A lesbian couple from Knoxville, Tennessee, has officially gotten divorced–but it wasn’t without a hard-fought legal battle that ended up involving the state legislature. In a first for the conservative southern state, a woman has been designated as the “husband” in a custody case. Knox County 4th Circuit Court Judge Greg McMillan’s ruling, which was anticipated, came as the Tennessee legislature was attempting to file a bill that would preclude gay and lesbian couples from being covered under gender-specific words in custody cases.
Sabrina and Erica Witt were married in 2014 in Washington D.C., where gay marriage was legal. At that point, gay marriage wasn’t legal in Tennessee, so when they had a child via artificial insemination, carried by Sabrina, Erica wasn’t included on the birth certificate.

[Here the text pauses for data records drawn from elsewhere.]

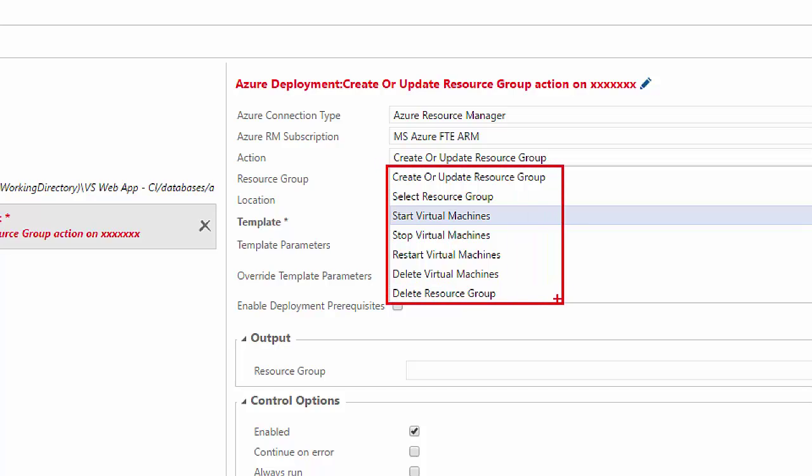We can create or update resource group. We can select a resource group already, an already existing resource group. We can start, stop, restart, and delete the virtual machines inside these resource groups. And we can also delete resource groups.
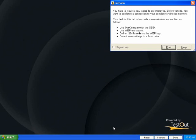In this case, I am asked to create a new wireless connection with the criteria listed in the scenario.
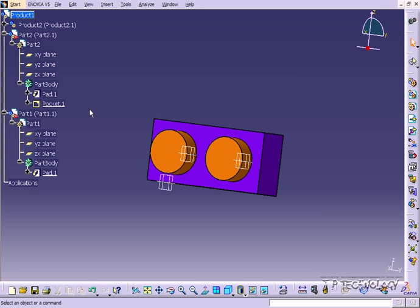This concludes our tutorial on the part body within CATIA V5.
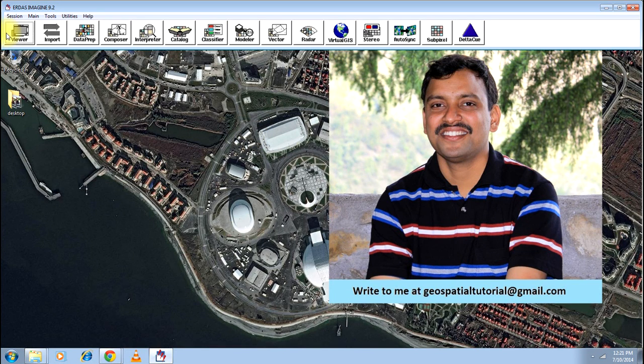Hey guys, welcome once again to geospatial tutorial. Today I will teach you how to georeference an image.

McMillan initially ruled that because the language in the Tennessee custody law was specific, and referred to “husband” and “wife,” only Sabrina could have custody. However, more recently, he ruled that the law could be applied to their case.
McMillan’s decision granted both Sabrina and Erica custody. Erica is viewed as the “father” in this situation, and has the right to see her child. Moreover, she is on the hook for child support payments.
But, while the Witts’ case was making it way through the courts, local legislators took notice. A few days after the ruling, the state legislature passed a bill that requires judges in McMillan’s situation to give “natural meaning” to words that are gendered. Governor Bill Haslam signed the bill. However, the legislature was prevented from intervening in this particular case, by McMillan’s decision. The lawmakers are appealing that decision.
LGBTQ rights groups in the state and nationally reacted with outrage that the state legislature was inserting itself into an individual family’s custody battle.
However, that new law is already wrapped up in a lawsuit. Four married lesbian couples, each of whom are pregnant, are suing the state over the law, claiming that it clearly was enacted with the intention to discriminate against gay couples. There are also concerns that this law could conflict with the decision that legalized same-sex marriage in 2015, Obergefell v. Hodges.